Revision 1 as of 2009-11-20 16:37:30

Clear message

The current method by which users can configure UEC/EC2 images is via 'user-data'. user-data that begins with #! is executed by the appropriate interpreter at S99 runlevel. This is a very effect method for customization but one that requires a fair amount of expertise to utilize.

It would be nice to provide a config file like syntax that would allow: - what mirrors to use / what additional repos to add - whether or not updates are installed on first boot - ssh private keys to use (allowing user to dictate them, rather than polling for random keys from ec2-console) - extra packages to install

Note: this differs from server-lucid-ec2-boothooks [1] as this would provide only for specific/static function. [1] would provide a hook into the images that could allow for building this blueprint.

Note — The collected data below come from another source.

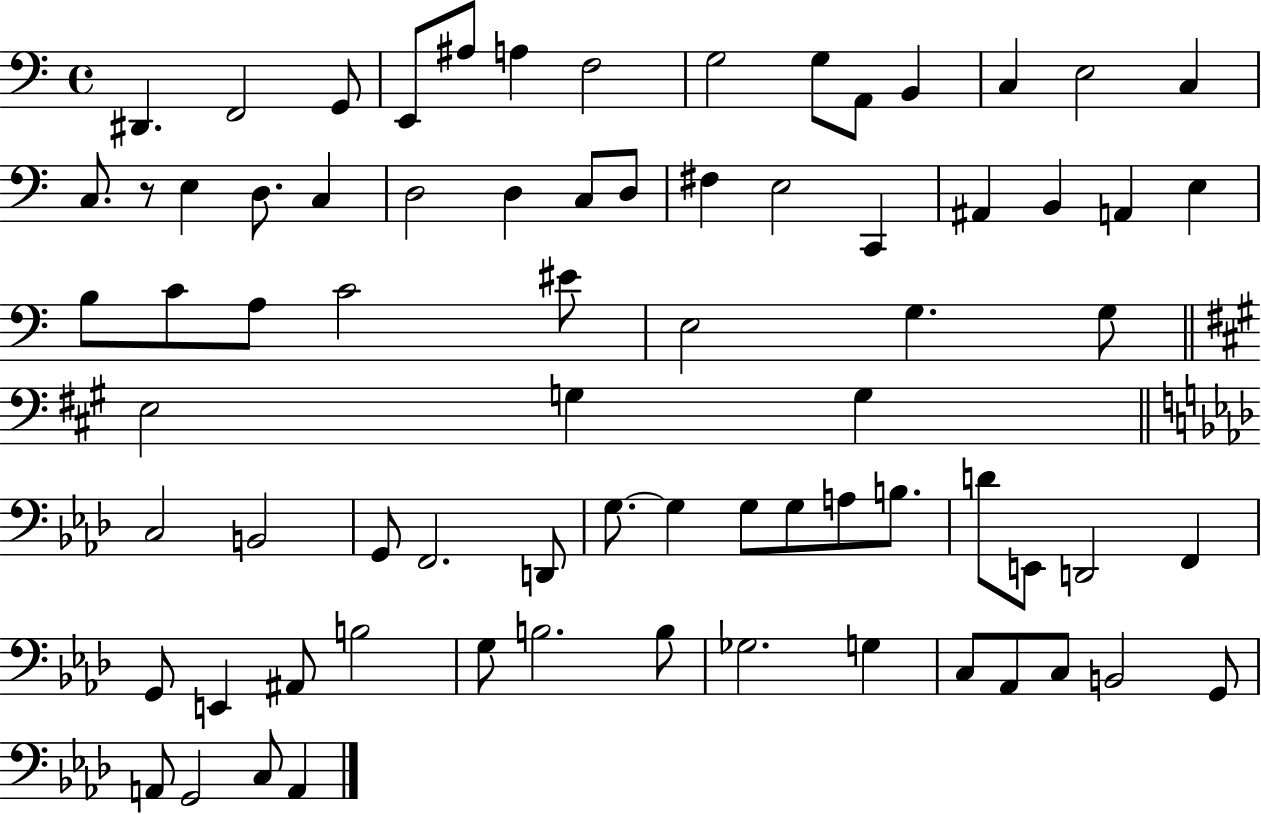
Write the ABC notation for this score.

X:1
T:Untitled
M:4/4
L:1/4
K:C
^D,, F,,2 G,,/2 E,,/2 ^A,/2 A, F,2 G,2 G,/2 A,,/2 B,, C, E,2 C, C,/2 z/2 E, D,/2 C, D,2 D, C,/2 D,/2 ^F, E,2 C,, ^A,, B,, A,, E, B,/2 C/2 A,/2 C2 ^E/2 E,2 G, G,/2 E,2 G, G, C,2 B,,2 G,,/2 F,,2 D,,/2 G,/2 G, G,/2 G,/2 A,/2 B,/2 D/2 E,,/2 D,,2 F,, G,,/2 E,, ^A,,/2 B,2 G,/2 B,2 B,/2 _G,2 G, C,/2 _A,,/2 C,/2 B,,2 G,,/2 A,,/2 G,,2 C,/2 A,,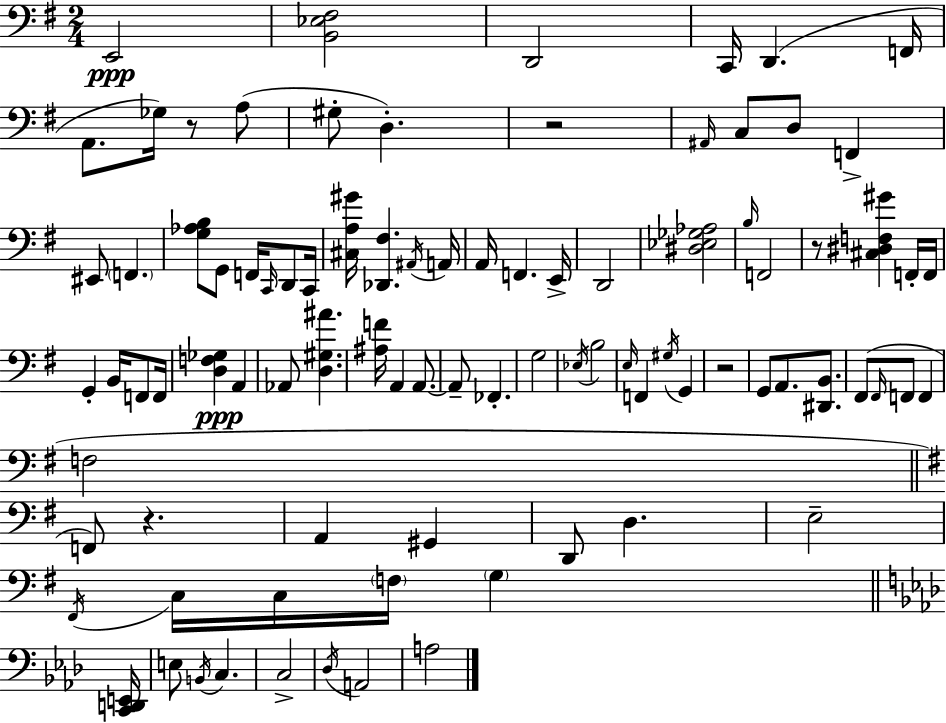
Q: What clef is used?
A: bass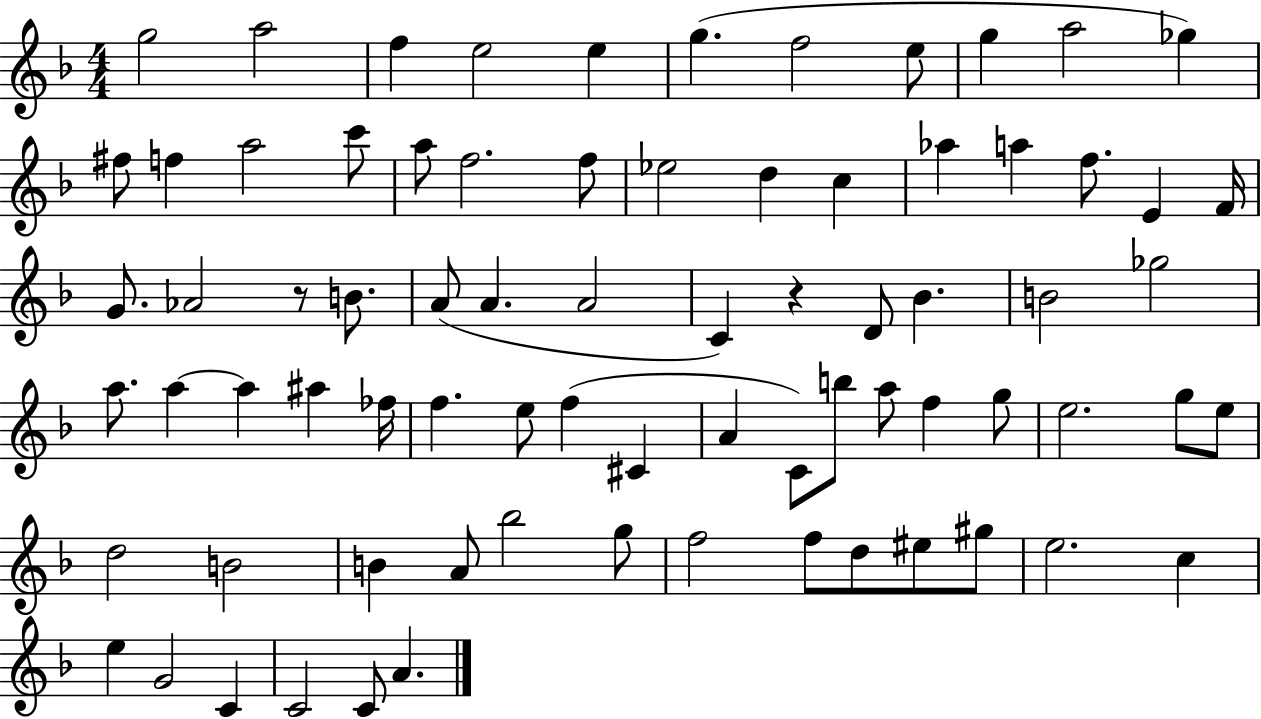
{
  \clef treble
  \numericTimeSignature
  \time 4/4
  \key f \major
  \repeat volta 2 { g''2 a''2 | f''4 e''2 e''4 | g''4.( f''2 e''8 | g''4 a''2 ges''4) | \break fis''8 f''4 a''2 c'''8 | a''8 f''2. f''8 | ees''2 d''4 c''4 | aes''4 a''4 f''8. e'4 f'16 | \break g'8. aes'2 r8 b'8. | a'8( a'4. a'2 | c'4) r4 d'8 bes'4. | b'2 ges''2 | \break a''8. a''4~~ a''4 ais''4 fes''16 | f''4. e''8 f''4( cis'4 | a'4 c'8) b''8 a''8 f''4 g''8 | e''2. g''8 e''8 | \break d''2 b'2 | b'4 a'8 bes''2 g''8 | f''2 f''8 d''8 eis''8 gis''8 | e''2. c''4 | \break e''4 g'2 c'4 | c'2 c'8 a'4. | } \bar "|."
}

Problems with the status quo

  • writing shell scripts is complex, easy to screw up -- simple things should be simple
  • only 64k of user data can be passed
  • maintenance issues

Use cases

  • package installation (Ubuntu repositories) *simple*
    • including tasks
    • add specific apt repositories
  • package installation (custom repositories) *simple*
  • install latest updates *simple*
  • Pass more than 64k of user data
    • landscape (registration data)
    • puppet (bootstrap (certificate/private key, autoregistration))
    • rightscale (rightscripts)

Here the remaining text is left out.